Wednesday , April 24, 2024

Loaded with Debt, ISO Pipeline Data Files for Bankruptcy Protection

Citing a weak economic climate and business setbacks, independent sales organization Pipeline Data Inc. and its affiliates on Monday filed for Chapter 11 protection in U.S. Bankruptcy Court in Wilmington, Del. Pipeline hopes to sell itself as a going concern with the help of an investment bank.

Alpharetta, Ga.-based Pipeline serves about 15,000 small and mid-sized card-present and e-commerce merchants. Its bankruptcy petition values its assets at $1 million to $10 million, but puts its debts in the $50-million-to-$100 million range. The petition lists the largest unsecured creditor as merchant processor Cynergy Data LLC, which Pipeline owes $1.62 million for processing services.

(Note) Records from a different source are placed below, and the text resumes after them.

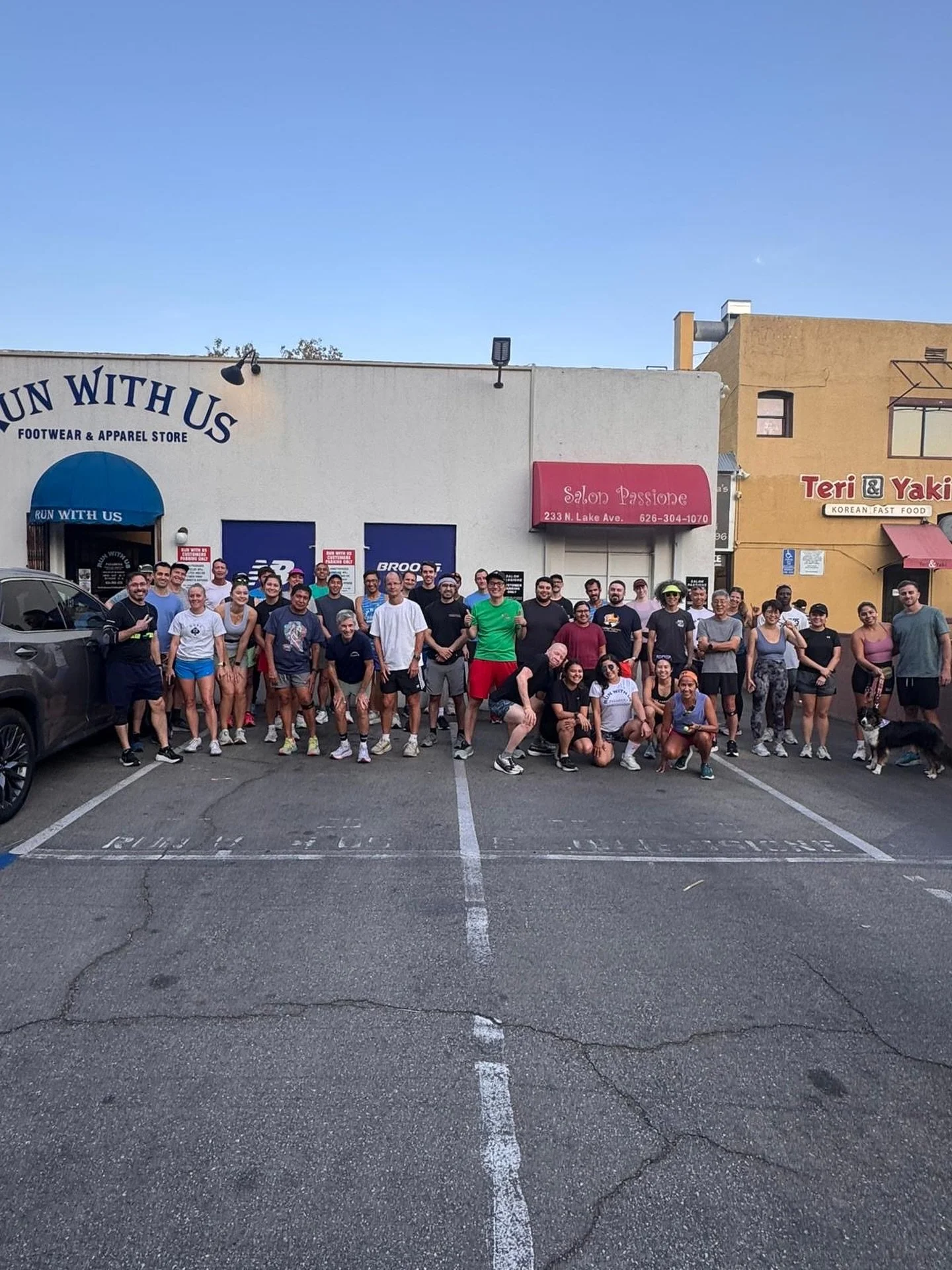 Monday Fun Run | It&rsquo;s looking like it&rsquo;s going to rain this week but not today!! Kick off your week with us whether it&rsquo;s coming for a nice and easy run or fun walk with friends. 

UltraSpire waist lights will be available to try! 🔦
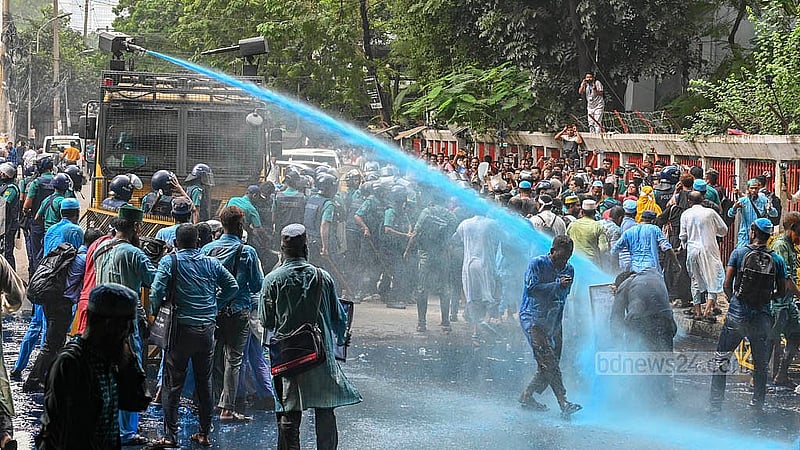 জাতীয় প্রেস ক্লাবের সামনে থেকে বুধবার দুপুরে ‘স্বতন্ত্র এবতেদায়ী মাদ্রাসা শিক্ষক ঐক্যজোট আন্দোলন বাস্তবায়ন কমিটির’ ব্যানারে মিছিল শুরু হয়। আন্দোলনকারী শিক্ষকরা সচিবালয় অভিমুখী হলে তাদের ছত্রভঙ্গ করতে পুলিশ সাউন্ড গ্রেনেড ও জলকামান ব্যবহার করে।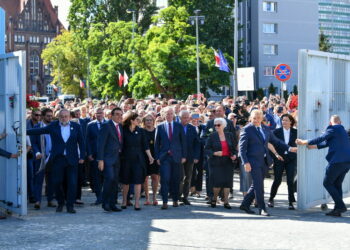 31.08.2022. Gdańsk. Uczestnicy przemarszu spod historycznej bramy nr 2 Stoczni Gdańskiej pod siedzibę Europejskiego Centrum Solidarności w Gdańsku / Fot. Adam Warżawa - PAP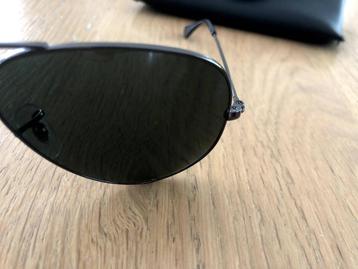 Ray Ban Aviator RB3025 Classic / Gunmetal - Green beschikbaar voor biedingen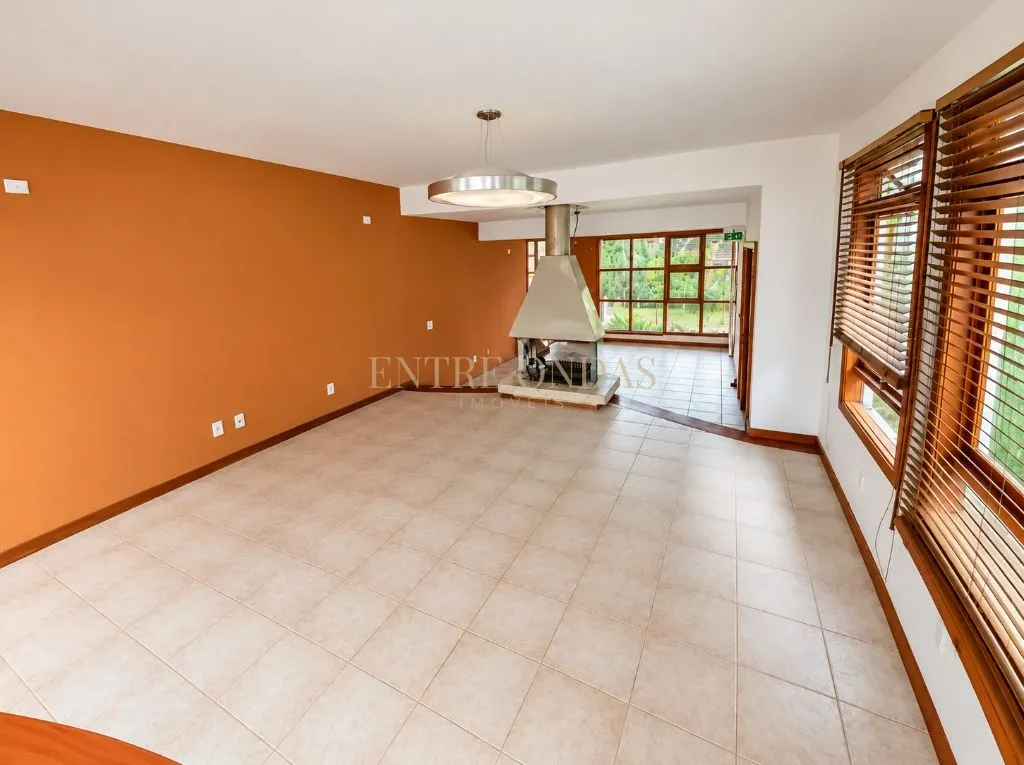 700 m² house with a bathtub and a fireplace — photo 14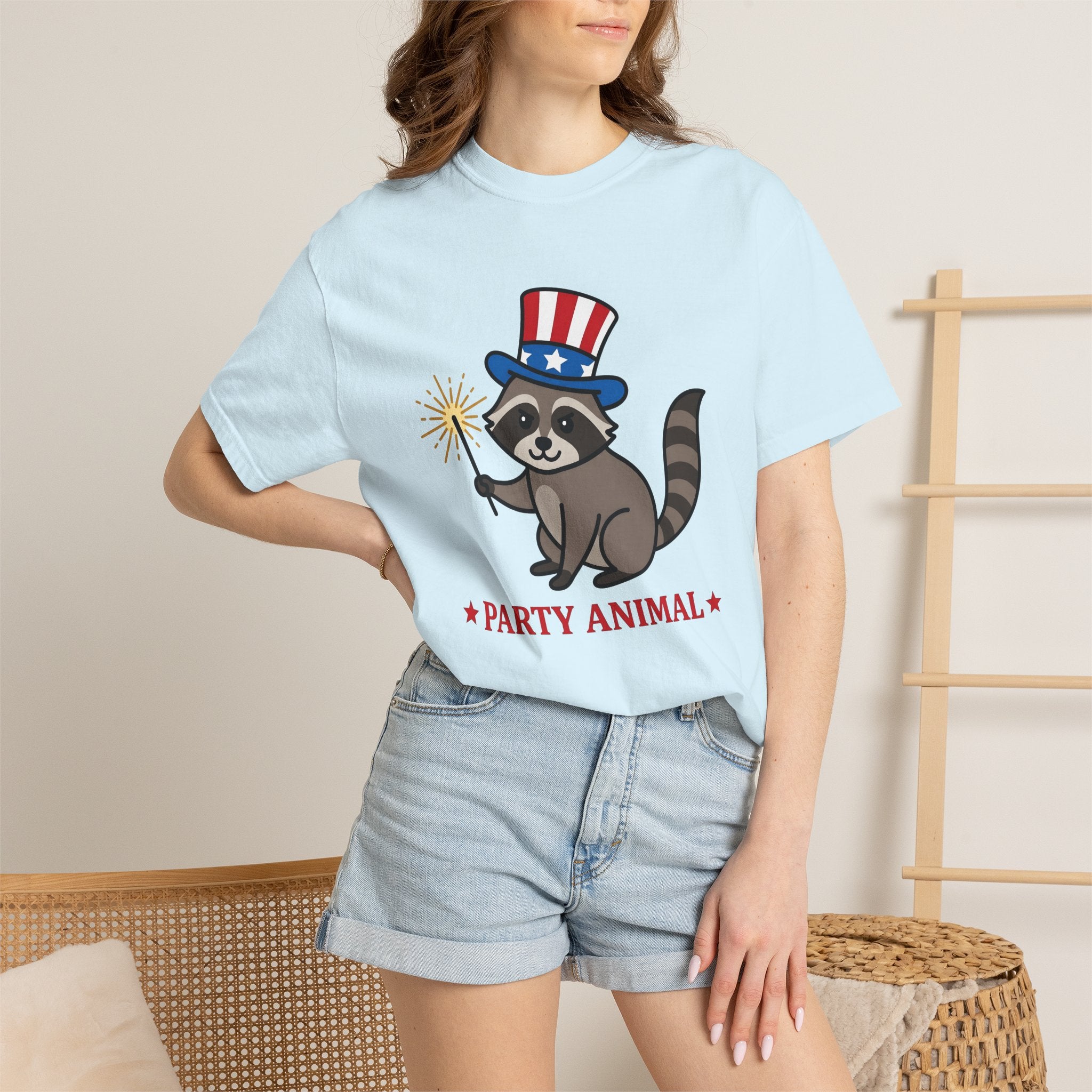 Raccoon Shirt 4th Of July Animal Gift Women Cartoon Tee Trash Panda T-Shirt Patriot Fan Cartoonish Tshirt Wildlife Graphic Retro Sparkler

Pipeline’s majority owner is private-equity firm Comvest Partners, which in 2009 bought the assets of the bankrupt Cynergy Data. Pipeline’s petition lists a Comvest affiliate as its second-largest unsecured creditor, to which it owes $520,825.

Pipeline, which has 36 employees, provides its services through a direct sales force, agent banks and other financial institutions, independent agents, and trade associations. A wholly owned subsidiary, Brasher Falls, N.Y.-based Northern Merchant Services Inc., handles most of the company’s internal sales and agent relations. The company’s trade names include SecurePay, a gateway service, and Aircharge and CardAccept.

Pipeline’s lawyer did not return a Digital Transactions News call for comment, and an executive declined to talk on the record. But a document filed with the petition outlines the company’s financial troubles. Back in 2006, Pipeline sold $37 million in four-year convertible notes and warrants to institutional investors to refinance debt and fund acquisitions. By late 2008, the company was experiencing “financial difficulties,” though the document doesn’t say exactly why. Along with many other businesses, however, merchant processors at the time got hurt during those economically turbulent times.

In February 2009, a Comvest unit and two individual investors bought $15 million in Pipeline convertible stock and restructured the 2006 refinancing, thereby taking control of the company. But if things improved, they didn’t last for long.

“Macroeconomic conditions continued to negatively affect the company and the industry as a whole,” the document says. “Normal industry attrition rates spiked, merchant closures increased, and new-merchant origination channels weakened. The company was unable to identify and acquire merchant portfolios and sales channels on terms that would improve its financial condition.”

The document also says that in 2010’s second half, processor Fidelity National Information Services Inc. (FIS), which Pipeline called its “technology partner,” ceased providing the services Pipeline used, “forcing Pipeline to abandon its technology investment and to purse an alternative technology.” The document gives no detail about what FIS services Pipeline used.

Citing its weak finances, Pipeline recently hired corporate-turnaround specialist AlixPartners LLP to assess its options. That led to the Nov. 19 bankruptcy filing. Pipeline also hired Charlotte, N.C.-based Dragonfly Capital LLP in an attempt to sell the company as a going concern.